## Assignment
Reproduce without change the lines in the material below that run from the one with "2743 Kentucky Street, West" to the end, and nothing more.

*** Opening of Extracted information ***

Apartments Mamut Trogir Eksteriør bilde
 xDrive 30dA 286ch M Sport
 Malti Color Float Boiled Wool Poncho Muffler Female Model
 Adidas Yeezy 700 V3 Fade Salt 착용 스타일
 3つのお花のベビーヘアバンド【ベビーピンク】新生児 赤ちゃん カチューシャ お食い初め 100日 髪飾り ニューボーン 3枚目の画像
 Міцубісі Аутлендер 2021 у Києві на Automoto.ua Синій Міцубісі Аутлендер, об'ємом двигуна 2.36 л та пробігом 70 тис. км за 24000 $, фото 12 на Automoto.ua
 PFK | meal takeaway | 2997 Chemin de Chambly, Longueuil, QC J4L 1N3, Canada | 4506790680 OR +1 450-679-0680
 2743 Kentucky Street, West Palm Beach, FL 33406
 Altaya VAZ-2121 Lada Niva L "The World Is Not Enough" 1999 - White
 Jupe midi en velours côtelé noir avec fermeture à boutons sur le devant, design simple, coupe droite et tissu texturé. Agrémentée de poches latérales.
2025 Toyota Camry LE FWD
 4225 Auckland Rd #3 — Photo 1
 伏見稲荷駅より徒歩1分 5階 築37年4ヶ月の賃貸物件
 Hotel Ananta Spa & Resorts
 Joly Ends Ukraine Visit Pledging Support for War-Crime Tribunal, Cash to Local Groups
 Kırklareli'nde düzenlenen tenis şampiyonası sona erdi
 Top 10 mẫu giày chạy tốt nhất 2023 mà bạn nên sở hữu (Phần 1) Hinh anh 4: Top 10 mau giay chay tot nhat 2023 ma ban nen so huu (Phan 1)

*** Close of Extracted information ***

## Result of this task
 2743 Kentucky Street, West Palm Beach, FL 33406
 Altaya VAZ-2121 Lada Niva L "The World Is Not Enough" 1999 - White
 Jupe midi en velours côtelé noir avec fermeture à boutons sur le devant, design simple, coupe droite et tissu texturé. Agrémentée de poches latérales.
2025 Toyota Camry LE FWD
 4225 Auckland Rd #3 — Photo 1
 伏見稲荷駅より徒歩1分 5階 築37年4ヶ月の賃貸物件
 Hotel Ananta Spa & Resorts
 Joly Ends Ukraine Visit Pledging Support for War-Crime Tribunal, Cash to Local Groups
 Kırklareli'nde düzenlenen tenis şampiyonası sona erdi
 Top 10 mẫu giày chạy tốt nhất 2023 mà bạn nên sở hữu (Phần 1) Hinh anh 4: Top 10 mau giay chay tot nhat 2023 ma ban nen so huu (Phan 1)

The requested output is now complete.